There’s a new band in town. After years of Netflix domination in the world of online and IP-delivered paid TV, we’re set to see all of the major gunslingers swing into sight. The word everyone’s whispering is unbundling, with broadcasters and brands launching their own direct-to-consumer VOD offerings. And in many ways, they’re really just falling into line with consumer demand – responding to the consumer trends around binge watching, greater choice and anywhere, anytime multi-platform viewing.

From Disney+, to Marvel leaving Netflix, to Hulu expanding and going global - not to mention Apple’s upcoming ‘Netflix killer’, or even WarnerMedia or NBCUniversal’s future standalone services, the big question is, will these new unbundled customer-direct platforms beat Netflix and Amazon Video at their own game, or ultimately present a loss leader for these brands?

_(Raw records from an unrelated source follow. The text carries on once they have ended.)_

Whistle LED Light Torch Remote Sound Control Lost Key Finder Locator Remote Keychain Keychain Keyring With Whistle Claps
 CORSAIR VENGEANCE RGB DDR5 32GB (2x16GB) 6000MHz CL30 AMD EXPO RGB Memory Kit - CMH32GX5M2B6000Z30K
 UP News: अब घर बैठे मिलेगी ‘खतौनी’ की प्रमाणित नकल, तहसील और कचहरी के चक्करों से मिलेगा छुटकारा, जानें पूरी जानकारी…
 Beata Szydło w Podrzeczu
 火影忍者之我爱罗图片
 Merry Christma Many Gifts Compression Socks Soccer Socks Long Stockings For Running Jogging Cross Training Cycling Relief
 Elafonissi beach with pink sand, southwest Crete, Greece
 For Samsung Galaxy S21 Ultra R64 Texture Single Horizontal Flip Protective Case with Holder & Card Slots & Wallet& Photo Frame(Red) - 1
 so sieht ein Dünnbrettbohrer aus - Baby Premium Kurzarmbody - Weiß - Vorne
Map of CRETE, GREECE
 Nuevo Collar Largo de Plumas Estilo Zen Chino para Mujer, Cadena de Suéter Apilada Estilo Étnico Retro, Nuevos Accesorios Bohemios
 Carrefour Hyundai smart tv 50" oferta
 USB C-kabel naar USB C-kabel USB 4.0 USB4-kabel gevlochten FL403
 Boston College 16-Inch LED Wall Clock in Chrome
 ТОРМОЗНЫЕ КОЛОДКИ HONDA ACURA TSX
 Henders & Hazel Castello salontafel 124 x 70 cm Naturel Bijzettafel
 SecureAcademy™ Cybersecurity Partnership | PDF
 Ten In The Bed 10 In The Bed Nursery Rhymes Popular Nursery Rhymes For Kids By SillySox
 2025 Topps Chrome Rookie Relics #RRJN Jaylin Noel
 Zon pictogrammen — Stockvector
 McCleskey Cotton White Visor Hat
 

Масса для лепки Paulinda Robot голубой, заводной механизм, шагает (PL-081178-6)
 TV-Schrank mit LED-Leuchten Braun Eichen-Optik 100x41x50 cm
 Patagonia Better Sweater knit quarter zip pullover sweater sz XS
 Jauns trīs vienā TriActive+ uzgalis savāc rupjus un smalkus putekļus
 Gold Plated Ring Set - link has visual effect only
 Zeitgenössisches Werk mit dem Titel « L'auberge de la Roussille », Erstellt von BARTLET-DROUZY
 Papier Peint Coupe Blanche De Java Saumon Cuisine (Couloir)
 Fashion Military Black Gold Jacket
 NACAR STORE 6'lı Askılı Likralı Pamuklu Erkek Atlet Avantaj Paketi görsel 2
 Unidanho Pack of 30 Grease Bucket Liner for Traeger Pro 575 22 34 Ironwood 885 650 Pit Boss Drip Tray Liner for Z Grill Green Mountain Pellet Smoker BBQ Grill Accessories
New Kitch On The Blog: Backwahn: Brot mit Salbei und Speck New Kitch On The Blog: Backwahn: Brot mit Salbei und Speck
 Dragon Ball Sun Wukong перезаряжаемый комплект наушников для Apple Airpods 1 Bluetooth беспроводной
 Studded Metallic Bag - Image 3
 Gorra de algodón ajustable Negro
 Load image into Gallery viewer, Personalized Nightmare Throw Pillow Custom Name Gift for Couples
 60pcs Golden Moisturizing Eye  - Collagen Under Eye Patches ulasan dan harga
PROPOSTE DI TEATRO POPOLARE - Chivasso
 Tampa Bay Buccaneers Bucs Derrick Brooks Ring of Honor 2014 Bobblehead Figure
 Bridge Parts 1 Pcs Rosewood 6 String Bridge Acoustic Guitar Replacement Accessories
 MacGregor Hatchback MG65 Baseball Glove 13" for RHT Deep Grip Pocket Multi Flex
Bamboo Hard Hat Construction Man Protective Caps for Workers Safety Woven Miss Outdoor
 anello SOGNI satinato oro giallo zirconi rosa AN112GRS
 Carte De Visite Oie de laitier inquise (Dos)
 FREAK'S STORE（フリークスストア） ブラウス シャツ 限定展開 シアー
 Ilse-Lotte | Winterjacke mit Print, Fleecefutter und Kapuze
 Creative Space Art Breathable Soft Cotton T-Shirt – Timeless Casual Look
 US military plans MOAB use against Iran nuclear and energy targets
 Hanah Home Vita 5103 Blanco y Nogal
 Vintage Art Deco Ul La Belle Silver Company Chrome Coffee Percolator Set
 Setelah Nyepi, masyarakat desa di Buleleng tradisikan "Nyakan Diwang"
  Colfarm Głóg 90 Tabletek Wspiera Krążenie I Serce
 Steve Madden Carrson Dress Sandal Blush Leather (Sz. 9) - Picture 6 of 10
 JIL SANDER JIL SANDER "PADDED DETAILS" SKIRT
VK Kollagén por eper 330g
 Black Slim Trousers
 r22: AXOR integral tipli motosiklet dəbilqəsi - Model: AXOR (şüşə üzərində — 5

Longer term, what will be the overall effect from a consumer perspective – greater choice, or simply more fragmentation, and back to the need for someone to package services together. Much has been made of the ‘cord cutting’ phenomenon, particularly in the US – but is so much cutting (and splitting) ultimately set to take us in a circle, from content and provider overload and back again?

Shifting Platforms, Switching Priorities?

According to IABM, the assembled forces of Pixar, Marvel, Star Wars, Fox, ESPN and Discovery, also known as Disney+ - set to launch on 12 November - is predicted to reach almost ten million subscribers in 2020. That would equal around 5% of Netflix’s customer base. But the argument this could put a significant dent in the latter’s business, rests on the assumption that these are either/or subscribers, not people happy to sign up to both.

As the Hollywood Reporter’s Tim Goodman has argued, it may just be that many consumers will be fully prepared to pay for two or three of these services. As he goes on to suggest, what may be at stake here – especially in the US - is the unbundling process actually speeding up cord cutting, rather than a case of the direct-to-consumer services cannibalising each other.

Cupertino Content

Apple TV+ is launching even sooner than Disney on 1 November, a service consistent with a wider shift in Cupertino towards subscriptions, including music and news too, and diversification away from softening hardware sales.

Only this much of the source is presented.